In short, the status and phylogenetic relations of subtilis and danutae are worth being thoroughly re-examined, also in regards to the possibility of their relations to stem line of Clade III. However, this topic is obviously beyond scope of the present paper.

Nevertheless, the possibility that the European Pliocene communities were enriched by more than one relic form related to the stem line of Clade III, not necessarily related to the extant species of that group, cannot be excluded. Also the fact that the phenotype variation observed among the fossil specimens surveyed above (e.g. in shape of lower canine) amounts to dental differences separating extant M. longicaudatus and M. bucharensis , put the assumed species homogeneity of the European M. frater group into question.

In any case, it seems clear that the forms attributed here to the M. frater group represented a quite rare component of fossil bat assemblages. In Sovinec, they are represented by 41 items of about 1,500 jaw fragments, in Javoříčko III 12 items of 1,360 jaws, in Javoříčko XI one of>2,000, in Javoříčko VII two items of ca. 300, in Urwista 9 items of 1,700 and in Včeláre 4D three items of ca. 300 jaws, i.e. 0.1– 2 % of local bat community on average, notwithstanding absence of these forms in the vast majority of other fossil bat assemblages.
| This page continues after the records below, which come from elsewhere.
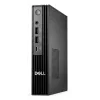 DELL Pro QBM1250 Plus Intel Core Ultra 5 235 16 GB DDR5-SDRAM 512 GB SSD Windows 11 Pro Micro PC Mini PC Μαύρο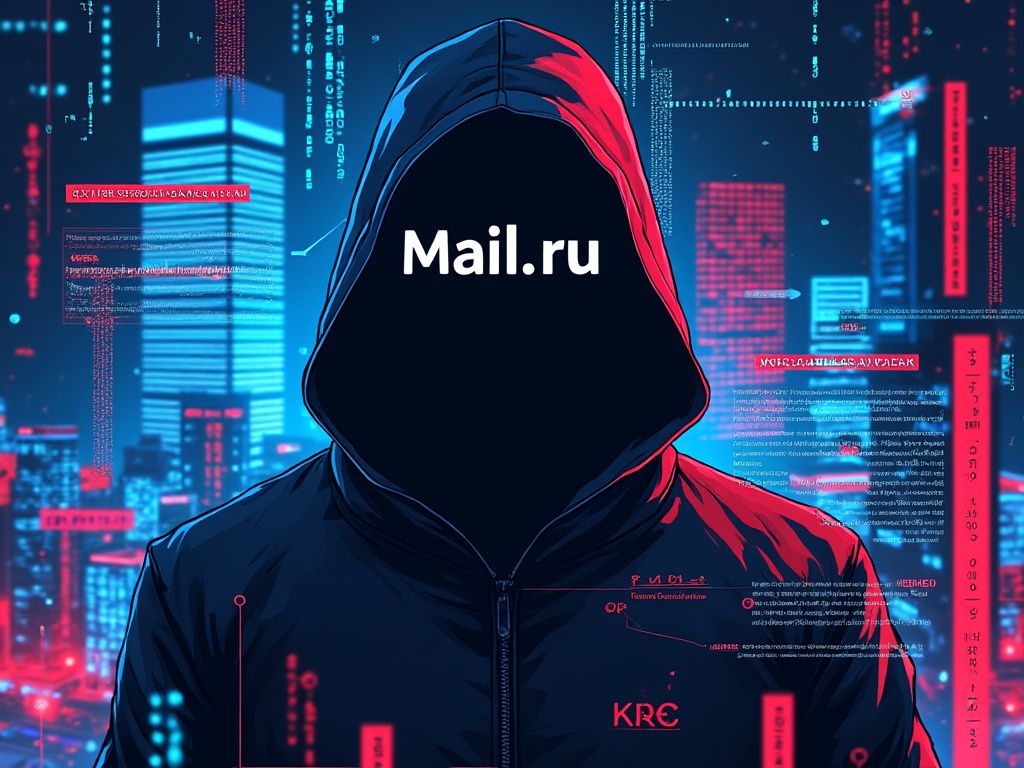 Mail.ru悪用か｜北朝鮮ハッカー集団Kimsuky、日韓企業を狙う新手のフィッシング攻撃を確認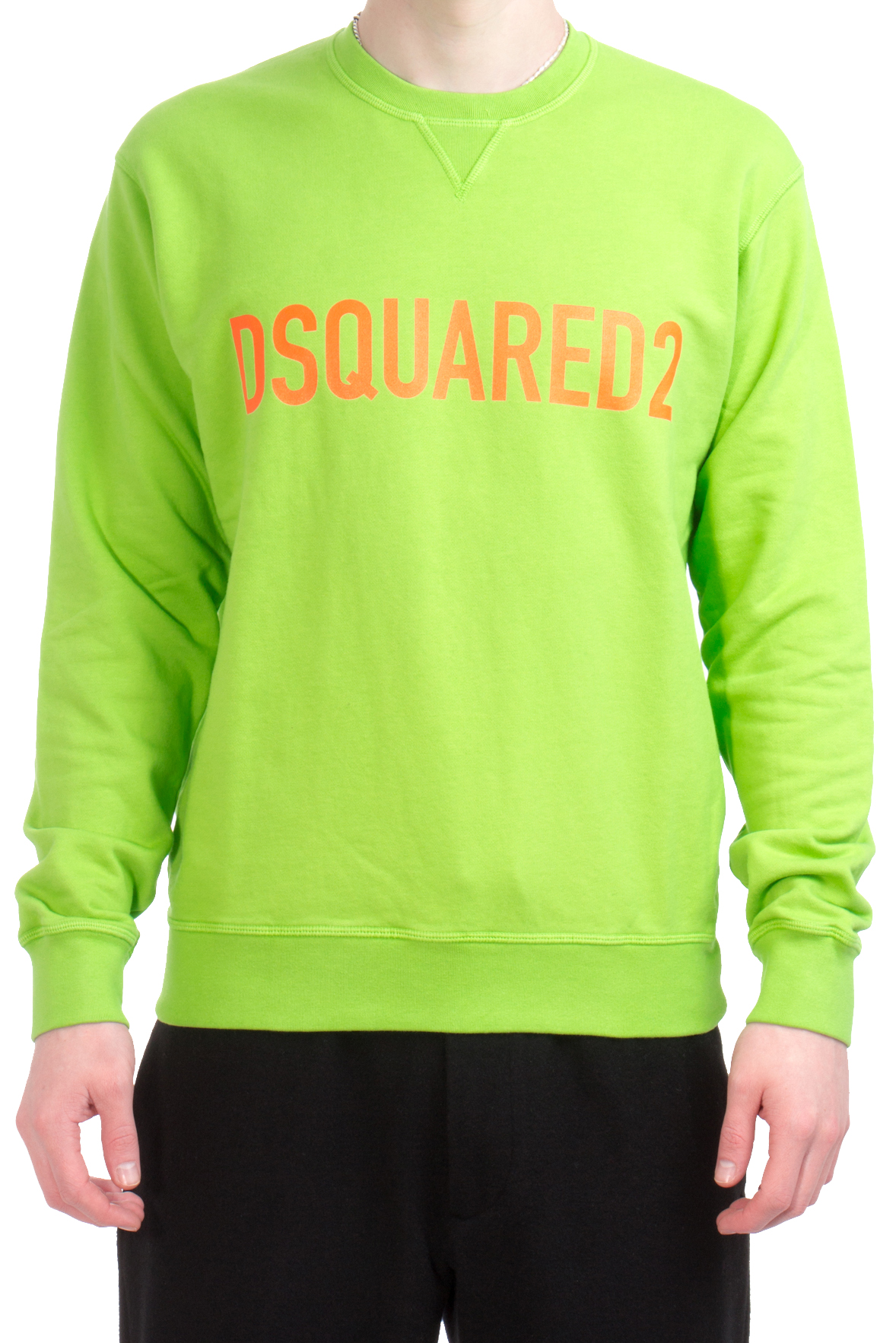 DSQUARED2 Logo Sweatshirt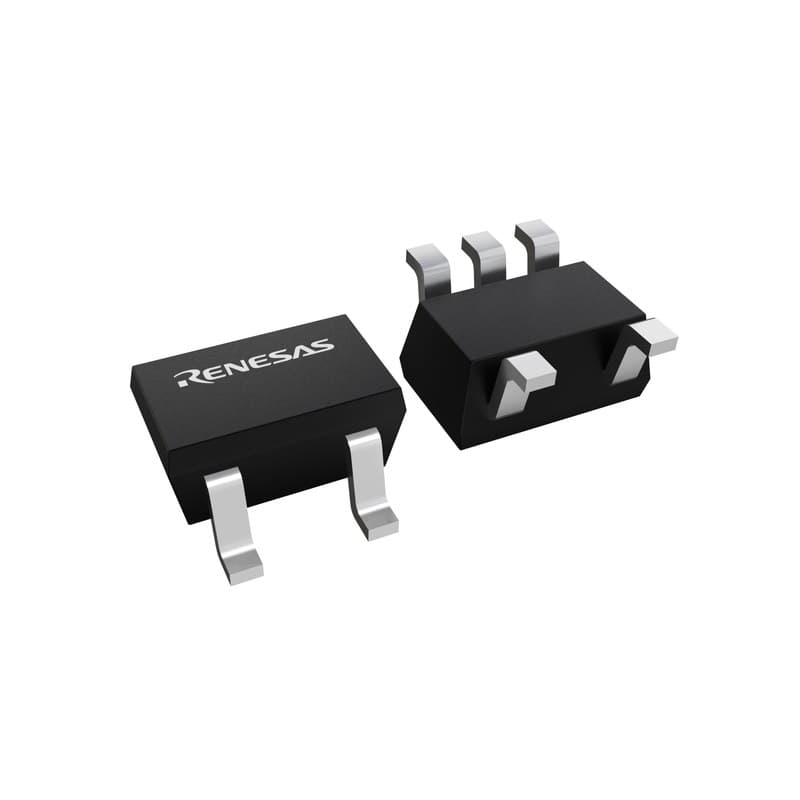HA1631S01CMEL — Renesas — Analog Comparators — product image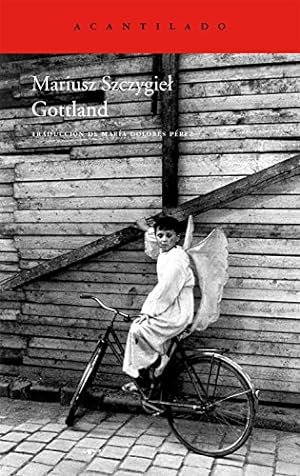 Seller image for GOTTLAND for sale by LIBRERIA ANTICUARIO BELLVER MADRID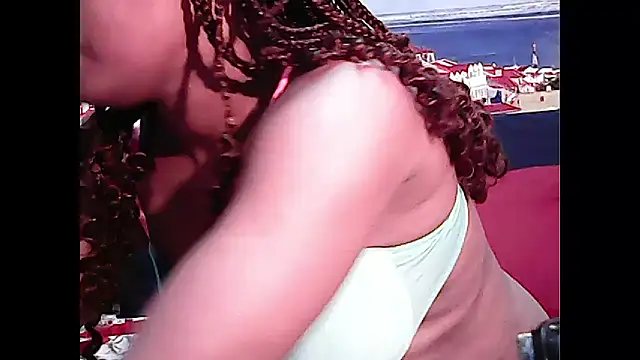 ebonyspicya online show from January 29, 5:51 am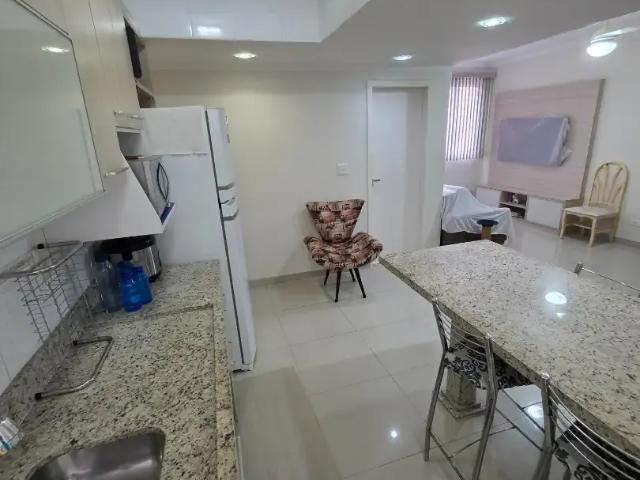 Apartamento venda em Região Imediata de Santos, Região Metropolitana da Baixada Santista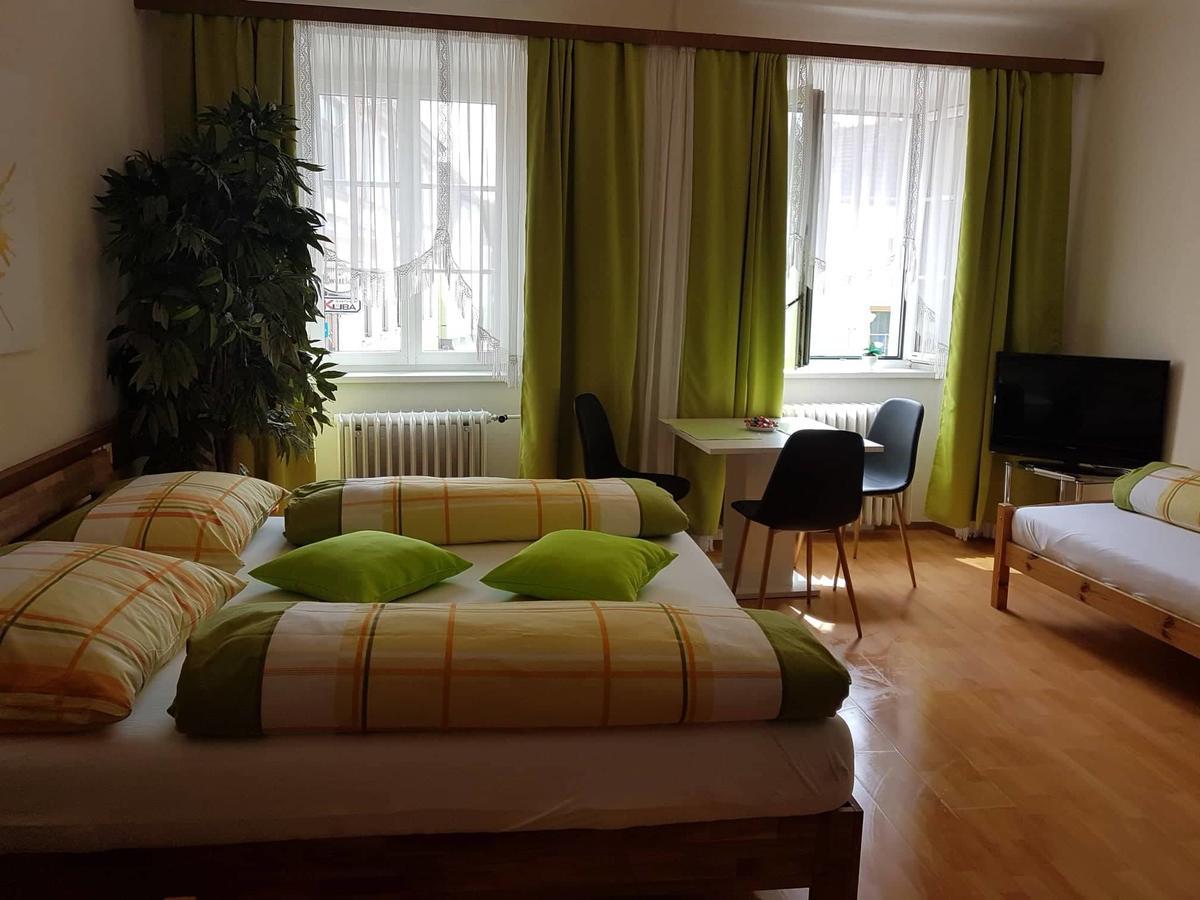 Stadt Pub Zwettl Екстер'єр фото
Of course, it should be remembered that the extant forms of that clade also rank in all regions of their appearance among very rare bats (comp. Wallin 1969, Tsytsulina and Strelkov 2000, Ruedi et al. 2015). For instance, M. bucharensis was found only in three localities in 1915, 1959 and 1960 ( Kuzyakin 1950, Bogdanov 1960, Tsytsulina and Strelkov 2001, Benda et al. 2011), while no further record is available since 1963, when the colony discovered in 1960 disappeared, due to which the species is considered extinct ( Horáček et al. 2000).